Add grouping information based on sessions involved in each row/mapping.

Parameters

df (pd.DataFrame) – Input dataframe with rows representing mappings. Should be in two-level column format like those returned by calculate_centroid_distance() or calculate_mapping() etc.

Returns

df (pd.DataFrame) – The input df with an additional (“group”, “group”) column, whose values are tuples indicating which sessions are involved (have non-NaN values) in the mappings represented by each row.

See also

resolve_mapping

for example usages

minian.cross_registration.pd_dist(A, B)[source]

Compute euclidean distance between two sets of matching centroid locations.

Parameters
  • A (pd.DataFrame) – Input centroid locations. Should have columns “height” and “width”.

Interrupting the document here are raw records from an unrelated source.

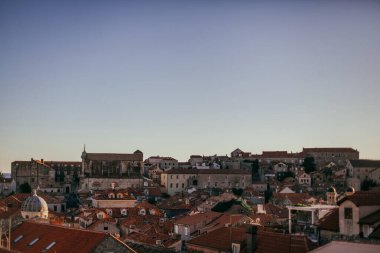 Eski şehir Dubrovnik şehir, Hırvatistan.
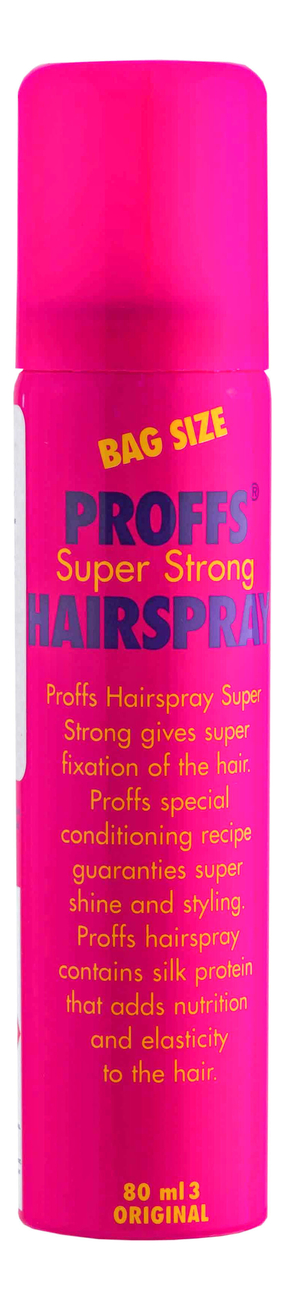 

Лак для волос Super Strong Hair Spray: Лак 80мл, Лак для волос Super Strong Hair Spray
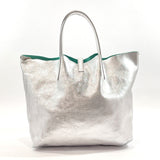 TIFFANY&Co. Tote Bag reversible leather/Suede Silver Silver Women Used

  • B (pd.DataFrame) – Input centroid locations. Should have columns “height” and “width” and same row index as A, such that distance between corresponding rows will be calculated.

Returns

dist (pd.Series) – Distance between centroid locations. Has same row index as A and B.

minian.cross_registration.resolve(mapping, mode)[source]

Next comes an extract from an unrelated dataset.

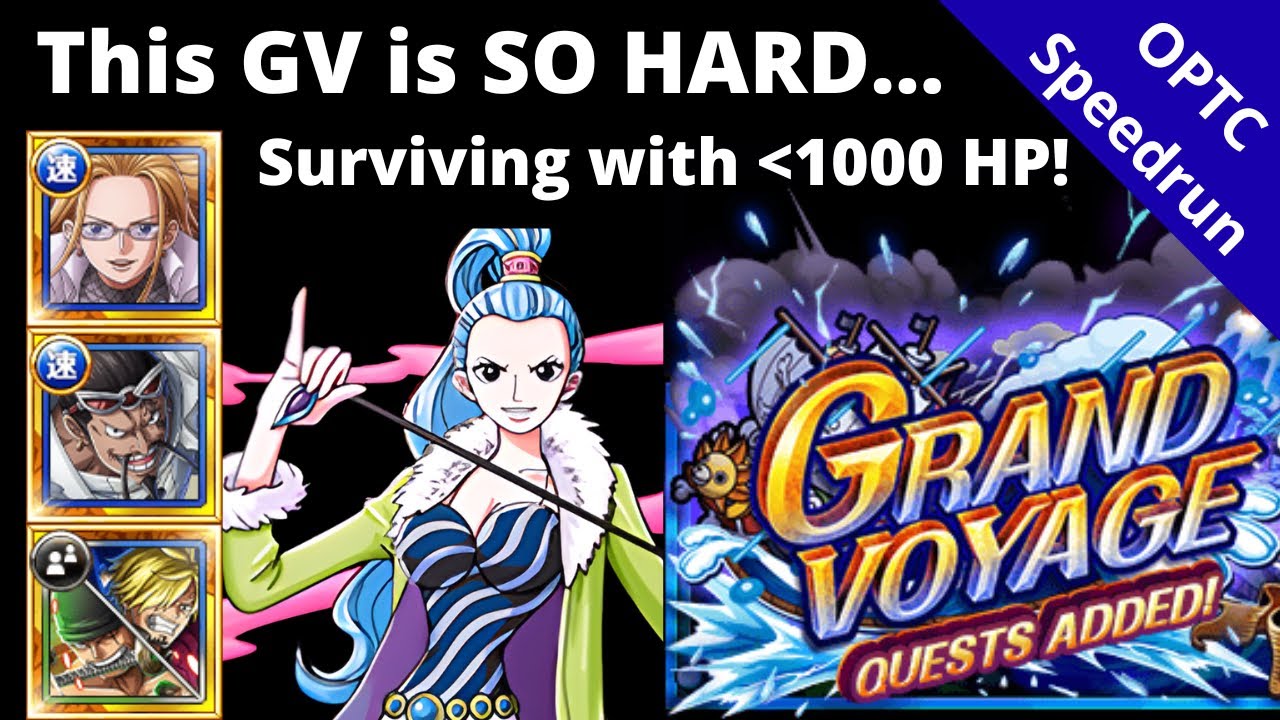 My first GV Miss Wednesday lv 5 team! Zanji version of Kalifa team! OPTC Grand Voyage 大航海 ミス・ウェンズデー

Extend and resolve mappings.

This function is called by resolve_mapping() for each group defined by metadata

Parameters
  • mapping (pd.DataFrame) – Input mappings dataframe. Should be in two-level column format.

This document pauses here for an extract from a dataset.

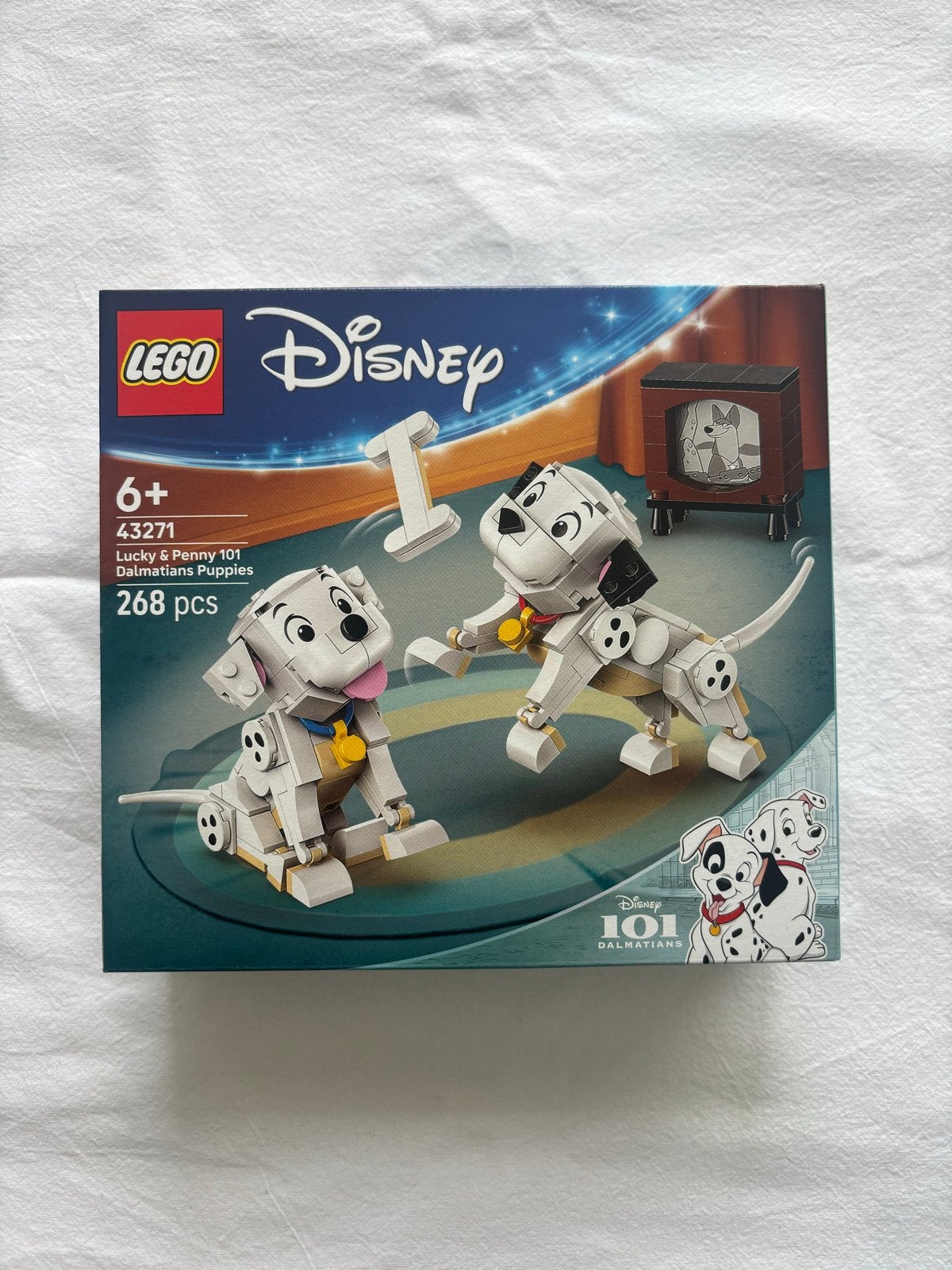 LEGO Disney 43271 Lucky & Penny 101 Dalmatiërs Puppies NIEUW, Lego, Lego, Lego, Nieuw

  • mode (str) – How to handle conflicted mappings. Should be either “strict” or “majority”.

Returns

mapping (pd.DataFrame) – Output mappings with extended and resolved mappings. Should be in the same two-level column format as input.

See also

resolve_mapping

minian.cross_registration.resolve_mapping(mapping, mode='majority')[source]

Extend and resolve mappings of pairs of sessions into mappings across multiple sessions.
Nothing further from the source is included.